St. Val's Mystery (original: Le Mystère de Saint-Val) is a 1945 French comedy film starring Fernandel directed by René Le Hénaff, Shot during the winter of 1944–1945 in the Boulogne Studios, this was the Fernandel's first film following the liberation of Paris.

The film's original release title is Le mystère Saint-Val, and it was released in the United States in 1945 under the English title of St. Val's Mystery. It was then released in Denmark on 23 October 1950 as Det mystiske slot and in Portugal on 1 June 1954 as Fernandel, Polícia Amador.

==Plot==
An insurance-office clerk Désiré Le Sec (Fernandel) dreams of being a great detective. The clerk's uncle (Marcel Carpentier) is his boss at that agency, and sends Désiré out on a frivolous mission to Saint-Val Castle, where the master of places has been found dead through mysterious circumstances. Désiré uncovers a real life murder and becomes mixed up with the murder case, ending up spending a night in the forbidding and spooky old Saint-Val castle.

==Cast==

- Fernandel as Désiré Le Sec
- Jean Davy as Max Robertal
- Marcel Carpentier as L'oncle de Désiré
- Marcel Pérès as Le brigadier
- Erno Crisa as Le vagabond
- Jean Dasté as L'huissier
- Alexandre Rignault as Antoine
- Pierre Renoir as Dartignac
- Paul Demange
- Viviane Gosset as Suzy
- Arlette Guttinguer as Rose
- Germaine Kerjean as Madame De Saint-Val
- Maxime Fabert

==Reception==
The film was a big hit in France, recording admissions of 2,397,153.

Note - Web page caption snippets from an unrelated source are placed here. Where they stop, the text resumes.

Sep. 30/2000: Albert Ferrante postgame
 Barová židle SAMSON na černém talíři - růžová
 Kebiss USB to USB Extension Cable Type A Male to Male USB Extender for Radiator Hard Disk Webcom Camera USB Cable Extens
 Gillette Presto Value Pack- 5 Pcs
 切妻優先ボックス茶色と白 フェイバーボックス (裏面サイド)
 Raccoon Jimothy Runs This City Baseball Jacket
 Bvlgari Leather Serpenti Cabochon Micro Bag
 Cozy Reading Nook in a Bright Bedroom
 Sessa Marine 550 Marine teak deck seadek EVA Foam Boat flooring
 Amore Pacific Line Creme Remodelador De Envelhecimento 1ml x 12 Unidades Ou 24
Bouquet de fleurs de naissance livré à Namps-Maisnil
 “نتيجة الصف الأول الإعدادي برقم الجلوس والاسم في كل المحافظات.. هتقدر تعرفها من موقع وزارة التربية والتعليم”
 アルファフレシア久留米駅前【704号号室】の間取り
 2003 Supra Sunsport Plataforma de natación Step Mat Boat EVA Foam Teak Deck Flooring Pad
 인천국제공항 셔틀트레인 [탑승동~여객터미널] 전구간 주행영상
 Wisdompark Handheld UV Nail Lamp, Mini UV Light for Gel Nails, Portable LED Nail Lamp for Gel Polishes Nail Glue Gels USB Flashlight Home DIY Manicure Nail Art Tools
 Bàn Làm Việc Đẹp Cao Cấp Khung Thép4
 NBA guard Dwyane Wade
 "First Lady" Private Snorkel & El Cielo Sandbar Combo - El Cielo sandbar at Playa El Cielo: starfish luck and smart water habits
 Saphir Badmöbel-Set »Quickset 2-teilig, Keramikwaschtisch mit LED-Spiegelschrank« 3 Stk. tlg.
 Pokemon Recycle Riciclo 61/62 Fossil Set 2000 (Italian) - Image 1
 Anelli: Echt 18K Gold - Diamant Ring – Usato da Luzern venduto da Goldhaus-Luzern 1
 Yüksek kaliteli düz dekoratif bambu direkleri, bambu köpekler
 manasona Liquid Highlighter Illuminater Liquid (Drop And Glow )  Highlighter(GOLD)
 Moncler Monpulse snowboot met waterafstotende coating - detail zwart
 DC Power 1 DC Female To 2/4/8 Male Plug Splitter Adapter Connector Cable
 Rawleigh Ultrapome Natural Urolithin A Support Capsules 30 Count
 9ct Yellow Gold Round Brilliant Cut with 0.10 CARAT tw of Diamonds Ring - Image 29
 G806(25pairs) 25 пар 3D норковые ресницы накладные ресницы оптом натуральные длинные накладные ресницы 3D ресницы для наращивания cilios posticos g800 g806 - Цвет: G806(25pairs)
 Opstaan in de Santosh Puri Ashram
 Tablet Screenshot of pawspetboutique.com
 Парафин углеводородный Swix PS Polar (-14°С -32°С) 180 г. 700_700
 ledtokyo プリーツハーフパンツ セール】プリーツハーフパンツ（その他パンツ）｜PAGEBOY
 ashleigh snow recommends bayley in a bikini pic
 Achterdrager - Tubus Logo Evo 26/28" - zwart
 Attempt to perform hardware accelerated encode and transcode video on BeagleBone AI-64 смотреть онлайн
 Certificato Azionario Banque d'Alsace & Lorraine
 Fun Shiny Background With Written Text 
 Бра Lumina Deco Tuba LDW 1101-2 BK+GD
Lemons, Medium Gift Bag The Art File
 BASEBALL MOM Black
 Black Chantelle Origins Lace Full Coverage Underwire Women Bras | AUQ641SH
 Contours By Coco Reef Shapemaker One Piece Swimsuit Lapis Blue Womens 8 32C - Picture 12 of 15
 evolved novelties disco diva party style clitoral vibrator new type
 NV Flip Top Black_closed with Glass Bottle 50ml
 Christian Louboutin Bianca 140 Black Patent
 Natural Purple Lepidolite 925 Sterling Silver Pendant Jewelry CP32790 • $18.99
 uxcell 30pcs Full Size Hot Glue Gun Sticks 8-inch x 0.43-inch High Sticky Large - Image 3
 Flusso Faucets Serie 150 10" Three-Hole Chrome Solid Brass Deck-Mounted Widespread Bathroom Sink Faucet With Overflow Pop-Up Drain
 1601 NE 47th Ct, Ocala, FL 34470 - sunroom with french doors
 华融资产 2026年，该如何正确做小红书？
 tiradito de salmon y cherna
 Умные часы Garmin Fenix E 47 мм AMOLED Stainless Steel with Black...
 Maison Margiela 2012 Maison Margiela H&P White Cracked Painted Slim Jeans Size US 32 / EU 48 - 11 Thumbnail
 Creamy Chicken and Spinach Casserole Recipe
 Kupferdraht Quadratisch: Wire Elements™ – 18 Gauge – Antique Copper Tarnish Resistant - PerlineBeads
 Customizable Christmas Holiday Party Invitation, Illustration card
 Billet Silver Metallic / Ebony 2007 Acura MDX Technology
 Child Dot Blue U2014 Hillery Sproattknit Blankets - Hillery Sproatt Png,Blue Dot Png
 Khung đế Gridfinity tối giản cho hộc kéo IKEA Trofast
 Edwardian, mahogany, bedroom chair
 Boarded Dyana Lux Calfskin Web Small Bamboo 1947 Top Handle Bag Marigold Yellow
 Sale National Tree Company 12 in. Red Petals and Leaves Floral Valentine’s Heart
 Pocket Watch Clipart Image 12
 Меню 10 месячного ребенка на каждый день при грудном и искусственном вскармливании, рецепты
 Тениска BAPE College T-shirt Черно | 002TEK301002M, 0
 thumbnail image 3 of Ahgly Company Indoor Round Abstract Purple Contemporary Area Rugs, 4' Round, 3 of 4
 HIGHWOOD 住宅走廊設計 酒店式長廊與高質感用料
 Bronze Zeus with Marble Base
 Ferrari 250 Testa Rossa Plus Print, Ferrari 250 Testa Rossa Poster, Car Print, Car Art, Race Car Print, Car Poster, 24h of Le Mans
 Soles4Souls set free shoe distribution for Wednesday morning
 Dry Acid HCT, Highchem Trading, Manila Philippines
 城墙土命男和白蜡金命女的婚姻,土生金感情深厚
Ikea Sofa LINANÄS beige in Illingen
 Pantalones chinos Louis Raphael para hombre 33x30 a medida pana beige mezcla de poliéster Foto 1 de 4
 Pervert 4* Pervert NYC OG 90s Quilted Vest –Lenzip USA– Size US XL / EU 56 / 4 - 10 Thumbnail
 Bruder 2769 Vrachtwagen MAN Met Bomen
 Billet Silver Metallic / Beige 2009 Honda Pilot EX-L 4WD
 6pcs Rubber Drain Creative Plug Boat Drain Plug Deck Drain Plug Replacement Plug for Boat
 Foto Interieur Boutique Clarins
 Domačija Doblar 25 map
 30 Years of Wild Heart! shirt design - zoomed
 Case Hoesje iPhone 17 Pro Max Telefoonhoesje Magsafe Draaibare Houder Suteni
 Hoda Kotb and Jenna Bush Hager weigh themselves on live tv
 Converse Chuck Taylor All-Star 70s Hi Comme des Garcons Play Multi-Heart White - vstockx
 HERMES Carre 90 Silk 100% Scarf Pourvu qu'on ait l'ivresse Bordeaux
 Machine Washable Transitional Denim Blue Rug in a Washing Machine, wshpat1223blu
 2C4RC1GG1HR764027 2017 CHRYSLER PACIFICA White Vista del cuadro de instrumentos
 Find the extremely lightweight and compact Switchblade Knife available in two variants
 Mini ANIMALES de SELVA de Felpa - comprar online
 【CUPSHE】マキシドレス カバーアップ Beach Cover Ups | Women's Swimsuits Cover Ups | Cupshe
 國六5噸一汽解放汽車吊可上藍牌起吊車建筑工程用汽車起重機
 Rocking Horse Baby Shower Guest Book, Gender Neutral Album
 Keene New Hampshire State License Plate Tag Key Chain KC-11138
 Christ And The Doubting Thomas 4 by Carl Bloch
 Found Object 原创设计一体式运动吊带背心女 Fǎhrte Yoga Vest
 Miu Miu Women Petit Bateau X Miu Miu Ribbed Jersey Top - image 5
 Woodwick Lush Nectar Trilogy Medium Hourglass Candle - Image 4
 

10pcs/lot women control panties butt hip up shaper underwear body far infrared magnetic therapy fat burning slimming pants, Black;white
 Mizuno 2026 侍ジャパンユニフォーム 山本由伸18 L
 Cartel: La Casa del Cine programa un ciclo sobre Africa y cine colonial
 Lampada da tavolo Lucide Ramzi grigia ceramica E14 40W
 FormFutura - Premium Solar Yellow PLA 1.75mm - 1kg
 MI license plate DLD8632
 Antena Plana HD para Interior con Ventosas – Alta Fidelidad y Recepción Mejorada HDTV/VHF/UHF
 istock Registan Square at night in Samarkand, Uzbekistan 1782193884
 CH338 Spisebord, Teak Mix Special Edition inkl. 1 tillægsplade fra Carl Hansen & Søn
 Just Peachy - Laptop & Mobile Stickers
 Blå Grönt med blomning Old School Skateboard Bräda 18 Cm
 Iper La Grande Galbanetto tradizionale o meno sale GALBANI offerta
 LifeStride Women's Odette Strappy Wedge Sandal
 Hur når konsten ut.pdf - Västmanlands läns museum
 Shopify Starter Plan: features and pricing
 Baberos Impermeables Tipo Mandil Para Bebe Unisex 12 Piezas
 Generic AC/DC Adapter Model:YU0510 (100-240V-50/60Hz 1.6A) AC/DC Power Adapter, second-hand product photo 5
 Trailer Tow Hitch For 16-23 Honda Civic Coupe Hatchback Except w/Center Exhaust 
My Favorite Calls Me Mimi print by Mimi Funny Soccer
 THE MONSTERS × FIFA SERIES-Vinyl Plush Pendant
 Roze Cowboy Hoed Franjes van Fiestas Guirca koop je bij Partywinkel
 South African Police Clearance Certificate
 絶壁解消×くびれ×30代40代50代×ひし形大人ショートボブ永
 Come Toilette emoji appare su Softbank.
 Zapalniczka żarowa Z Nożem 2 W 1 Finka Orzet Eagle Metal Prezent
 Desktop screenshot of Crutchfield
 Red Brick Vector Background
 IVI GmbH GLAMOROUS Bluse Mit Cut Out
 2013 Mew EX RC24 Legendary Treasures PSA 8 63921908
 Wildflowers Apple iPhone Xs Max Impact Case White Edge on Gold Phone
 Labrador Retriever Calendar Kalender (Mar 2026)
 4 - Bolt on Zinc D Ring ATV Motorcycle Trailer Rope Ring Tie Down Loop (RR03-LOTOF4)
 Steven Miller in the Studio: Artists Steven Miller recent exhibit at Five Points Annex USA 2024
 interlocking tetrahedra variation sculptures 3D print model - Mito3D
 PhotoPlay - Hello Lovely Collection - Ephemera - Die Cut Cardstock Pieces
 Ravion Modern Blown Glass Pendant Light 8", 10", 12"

James Travers of Film de France offered that the film appears to have borrowed its plot from Ten Little Indians but with a "decidedly unfunny comic twist". When seen with the now-removed musical numbers it contained in its original release, the film "was probably more digestible". Summarizing, Travers felt the gags were predictable, the plot "hackneyed and pedestrian", and the "unimaginative pay-off definitely does not reward" the viewer., concluding that this marked the film as "clearly not Fernandel's finest hour".